_DIRECTIONS FOR THIS TASK:_
Which of the lines in the data below contain the string "Strike"? Copy each of them.

_EXERCISE INPUT:_
- - - -
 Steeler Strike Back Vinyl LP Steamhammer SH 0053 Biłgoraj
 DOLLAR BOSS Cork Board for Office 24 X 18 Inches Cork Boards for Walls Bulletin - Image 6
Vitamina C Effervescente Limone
- - - -
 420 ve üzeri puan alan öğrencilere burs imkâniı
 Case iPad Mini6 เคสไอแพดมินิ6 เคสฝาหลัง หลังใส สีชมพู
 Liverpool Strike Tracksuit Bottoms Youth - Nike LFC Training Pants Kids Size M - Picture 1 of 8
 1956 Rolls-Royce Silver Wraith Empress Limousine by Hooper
- - - -
_ANSWER BOX:_
 Steeler Strike Back Vinyl LP Steamhammer SH 0053 Biłgoraj
 Liverpool Strike Tracksuit Bottoms Youth - Nike LFC Training Pants Kids Size M - Picture 1 of 8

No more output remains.